Excluding any images, copy all of the lines below precisely as written.

*** Opening INPUT RECORDS ***

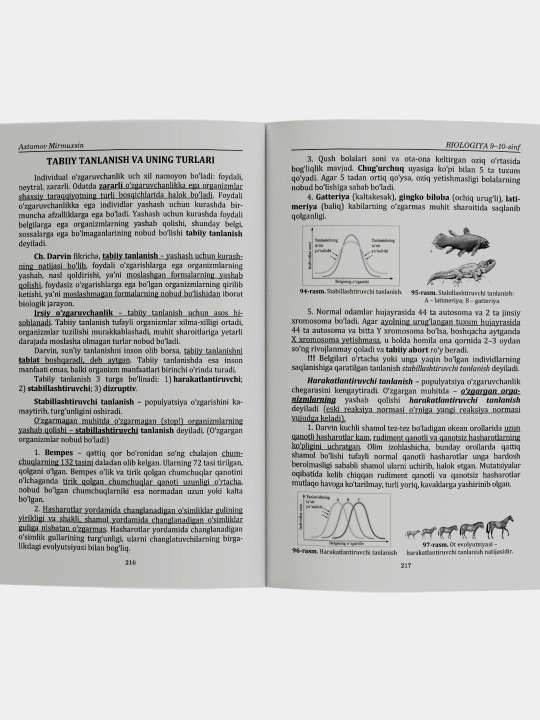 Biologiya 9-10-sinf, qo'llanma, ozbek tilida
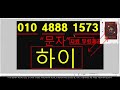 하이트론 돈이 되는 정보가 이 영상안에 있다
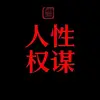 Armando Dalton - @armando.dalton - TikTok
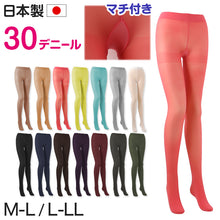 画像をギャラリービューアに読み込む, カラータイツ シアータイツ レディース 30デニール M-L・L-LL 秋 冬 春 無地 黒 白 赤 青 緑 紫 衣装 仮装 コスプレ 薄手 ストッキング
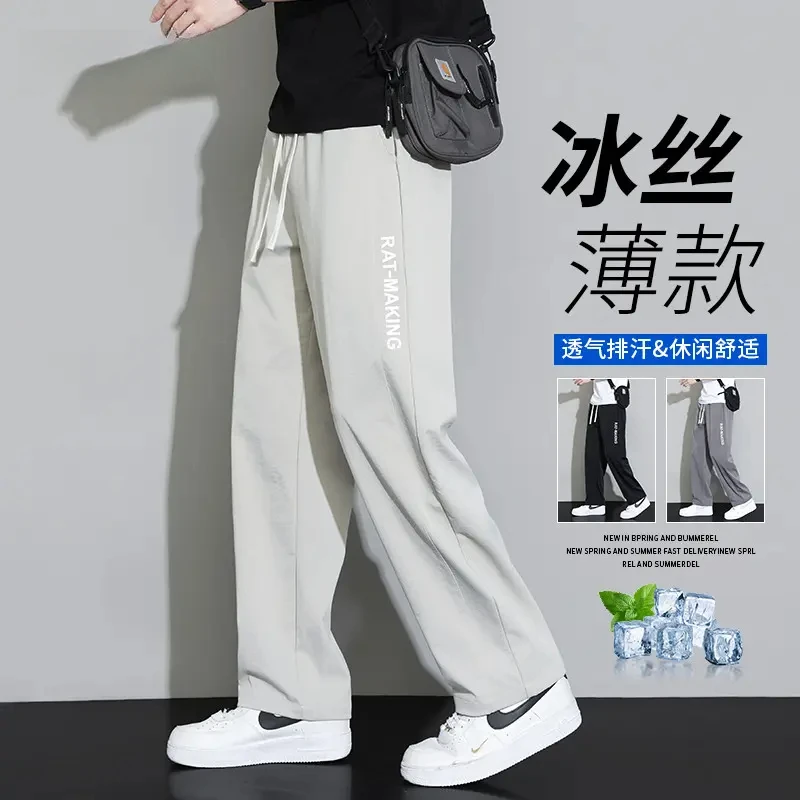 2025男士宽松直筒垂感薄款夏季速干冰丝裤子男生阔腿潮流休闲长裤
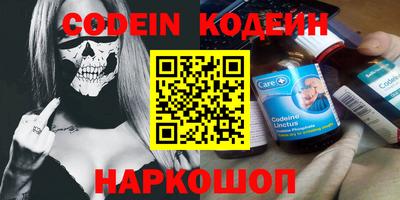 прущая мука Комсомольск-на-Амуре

*** Closing INPUT RECORDS ***

TASK RESULT →
 Biologiya 9-10-sinf, qo'llanma, ozbek tilida
 하이트론 돈이 되는 정보가 이 영상안에 있다
 Armando Dalton - @armando.dalton - TikTok
 画像をギャラリービューアに読み込む, カラータイツ シアータイツ レディース 30デニール M-L・L-LL 秋 冬 春 無地 黒 白 赤 青 緑 紫 衣装 仮装 コスプレ 薄手 ストッキング
 2025男士宽松直筒垂感薄款夏季速干冰丝裤子男生阔腿潮流休闲长裤
 прущая мука Комсомольск-на-Амуре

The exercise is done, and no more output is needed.